O vice-presidente Marco Maciel interveio ontem para evitar que senadores do PMDB e do PFL iniciassem um confronto antes mesmo da instalação da Comissão Parlamentar de Inquérito (CPI) que vai investigar a emissão e venda de títulos públicos. A pedido de Maciel, o senador Vilson Kleinubing (PFL-SC) mudou o conteúdo e, depois, retirou da pauta de votação no plenário o projeto de resolução que congelaria o dinheiro dos títulos do governo de Santa Catarina.
Ficou claro nas manobras e nas movimentações ocorridas em plenário que ao governo não interessa o confronto entre seus dois maiores aliados. O PMDB e o PFL se desentendem desde o convite feito pelo senador Antônio Carlos Magalhães (PFL-BA) ao colega Gilberto Miranda (PMDB-AM) para trocar de partido. Com o crescimento, o PFL preparou-se para disputar a presidência do Senado, cargo que o PMDB quer manter.
Estas brigas atrapalham o projeto do governo federal de promover reformas constitucionais e aprovar a reeleição do presidente da República. Marco Maciel foi seco ao responder sobre a criação de comissão parlamentar de inquérito para investigar o destino dos títulos: ‘‘A CPI foi criada e não me cabe fazer nenhum comentário sobre este assunto.’’ O PMDB já decidiu que o cargo de relator da CPI é seu. Os principais implicados no escândalo dos títulos públicos são do partido.
O PMDB, ao qual pertence o governador de Santa Catarina, Paulo Afonso, estava todo no plenário e já se preparava para derrubar o projeto de resolução de Kleinubing, que pertence ao mesmo partido do vice Marco Maciel.

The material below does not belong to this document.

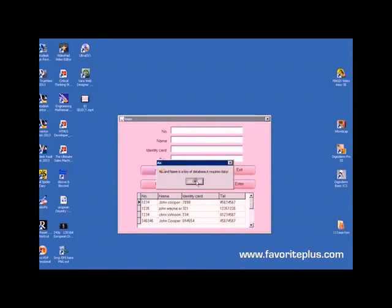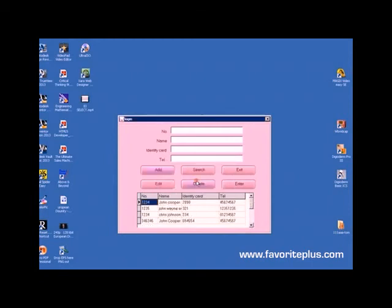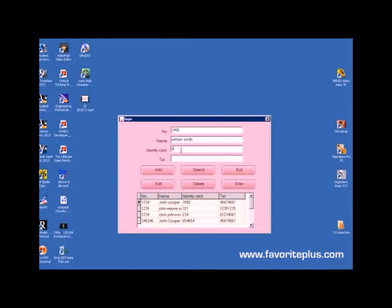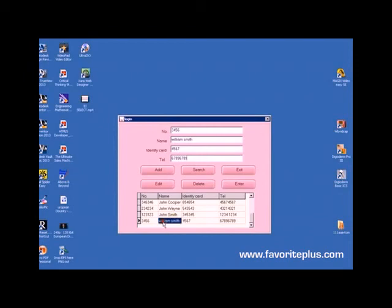Now, if you want to add a patient to this, let's put in, for example, his medical care number 3456. We can just put in his name William Smith, his ID card, let's call it 4567, and his phone number 67896789, and add. You'll see he's now been added to the database.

Logo depois de retirar o projeto, Kleinubing disse ao lado do líder do governo Élcio Álvares (PFL-ES): ‘‘Evitamos o confronto.’’ O PMDB teve um aliado inesperado no plenário do Senado: o senador Josaphat Marinho (PFL-BA) deu parecer contrário à proposta de Kleinubing, por considerar que a emissão dos títulos já tinha gerado direitos de terceiros.
O senador por Santa Catarina ainda tentou uma saída. Mudou o projeto, substituindo o congelamento dos títulos pela autorização ao Banco Central para que fiscalizasse se a verba de R$ 604,46 milhões estava mesmo sendo destinada ao pagamento de débitos cobrados na Justiça. De novo Josaphat Marinho deu parecer contrário à aprovação da proposta. Segundo o senador baiano, já foi criada uma CPI e todos os documentos de Kleinubing deveriam ser a ela encaminhados.
A segunda intervenção de Marinho deixou à vista a luta do vice Marco Maciel para que fosse evitado o confronto. Quando o presidente do Senado, José Sarney (PMDB-AP), solicitou que desse novo parecer, Marinho estava conversando com o líder Élcio Álvares. ‘‘Posso ter um minuto para ler o projeto?’’ indagou Josaphat Marinho, jurista, conhecido por não seguir a orientação de ninguém. O Senado fez silêncio. Marinho pegou o microfone e novamente condenou a proposta de Kleinubing.
O presidente da Comissão de Assuntos Econômicos do Senado, Gilberto Miranda, inscreveu-se para o debate e começou ler ofícios e mais ofícios do Banco Central e do Tribunal de Justiça de Santa Catarina. Fez a defesa pessoal sem que fosse atacado. Em seguida, Kleinubing retirou a proposta que daria ao BC a incumbência de fiscalizar o governador Paulo Afonso.